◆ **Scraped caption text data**
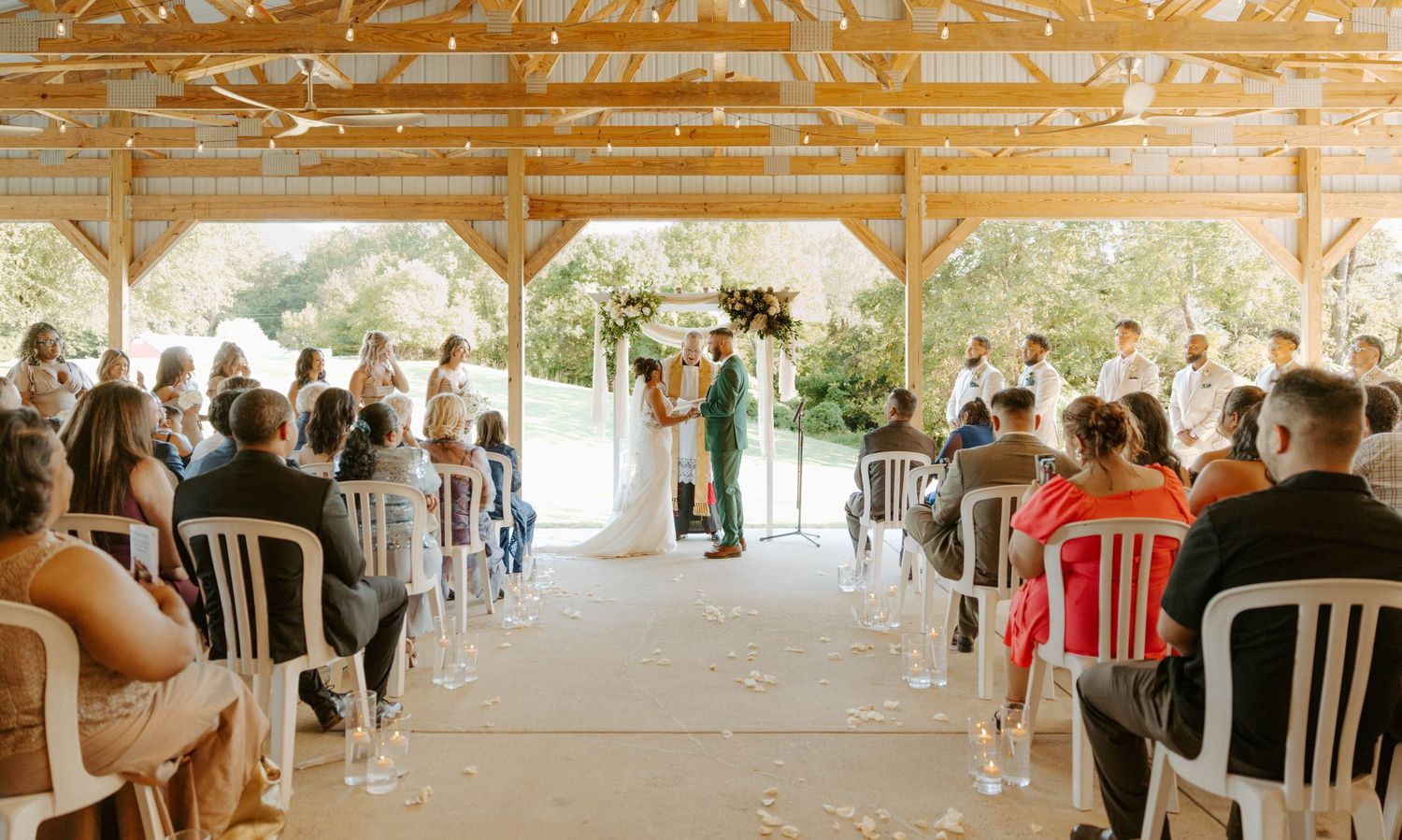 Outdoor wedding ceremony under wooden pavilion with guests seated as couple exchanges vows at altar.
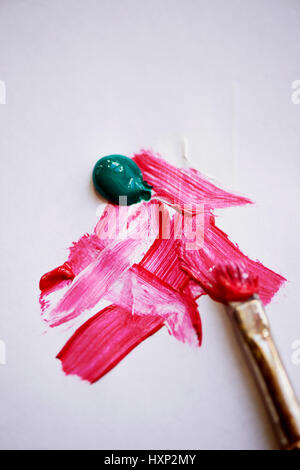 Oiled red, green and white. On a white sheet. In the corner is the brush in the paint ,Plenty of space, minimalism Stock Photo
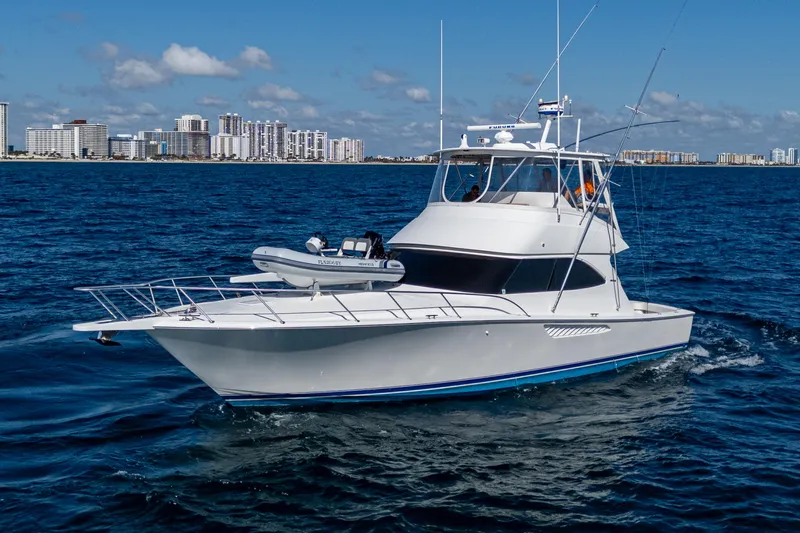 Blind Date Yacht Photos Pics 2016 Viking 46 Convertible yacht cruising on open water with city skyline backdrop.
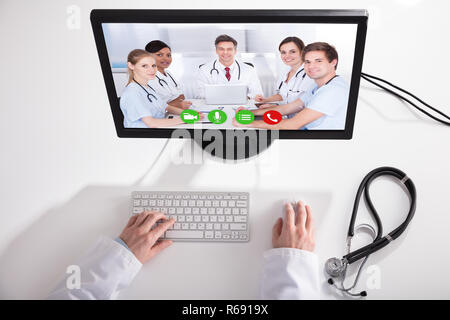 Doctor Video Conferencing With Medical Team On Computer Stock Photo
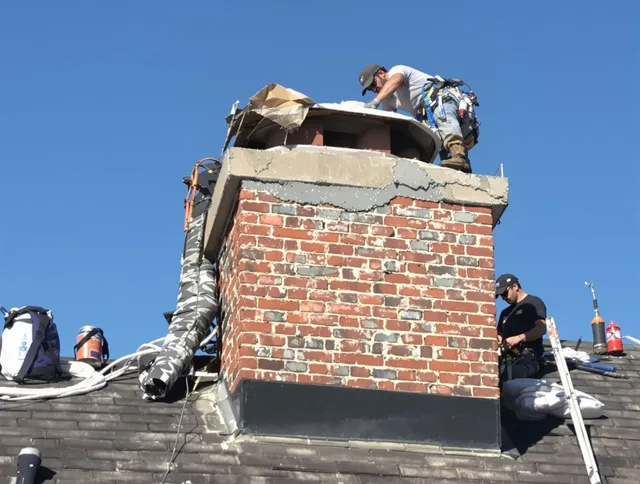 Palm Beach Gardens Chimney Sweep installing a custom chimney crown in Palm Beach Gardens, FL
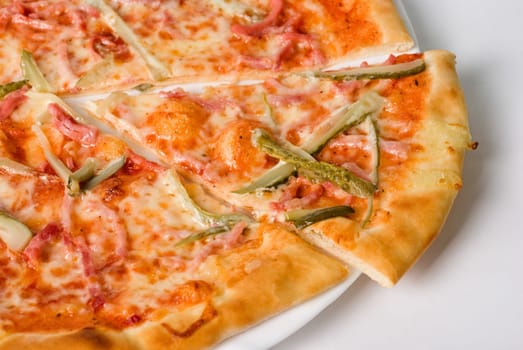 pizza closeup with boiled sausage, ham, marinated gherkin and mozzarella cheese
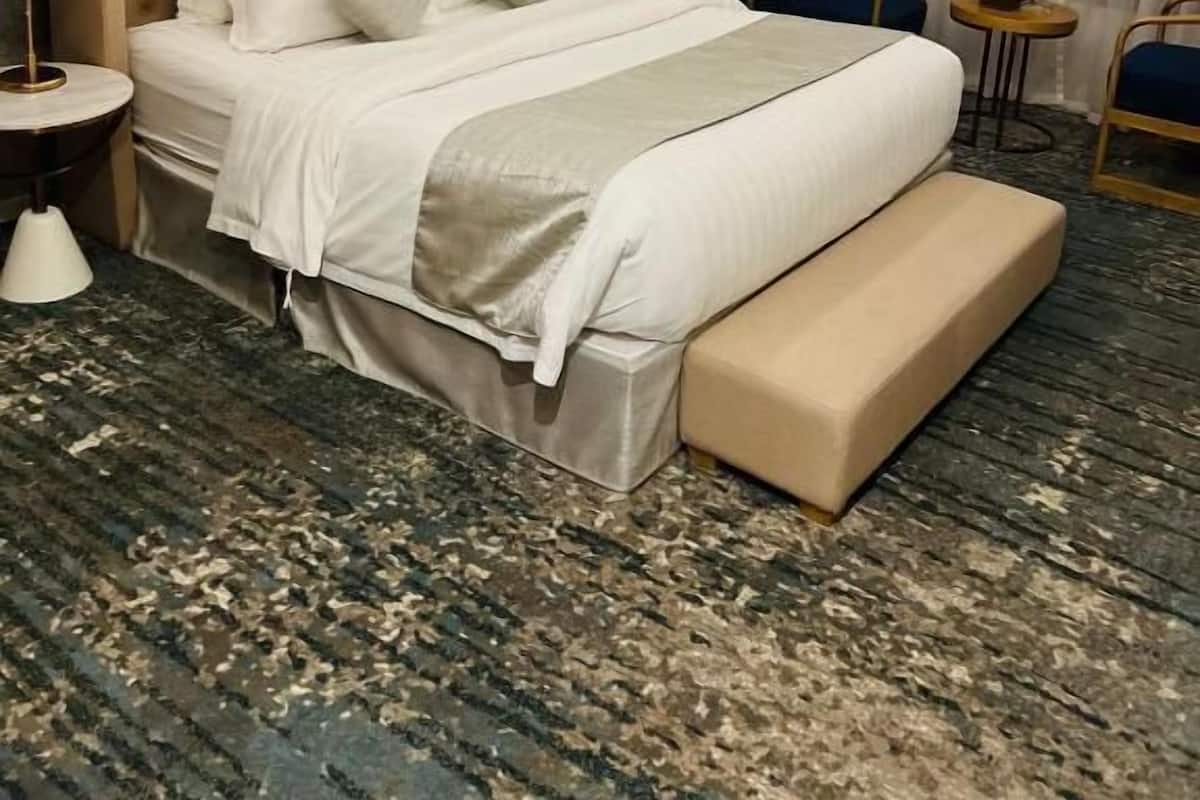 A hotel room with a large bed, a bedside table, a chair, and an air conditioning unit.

◆ **Requirement**
Can the lines from the one with "Doctor Video Conferencing" to the end of the records above be quoted exactly, both ends included, with every picture omitted?

◆ **Answer section**
 Doctor Video Conferencing With Medical Team On Computer Stock Photo
 Palm Beach Gardens Chimney Sweep installing a custom chimney crown in Palm Beach Gardens, FL
 pizza closeup with boiled sausage, ham, marinated gherkin and mozzarella cheese
 A hotel room with a large bed, a bedside table, a chair, and an air conditioning unit.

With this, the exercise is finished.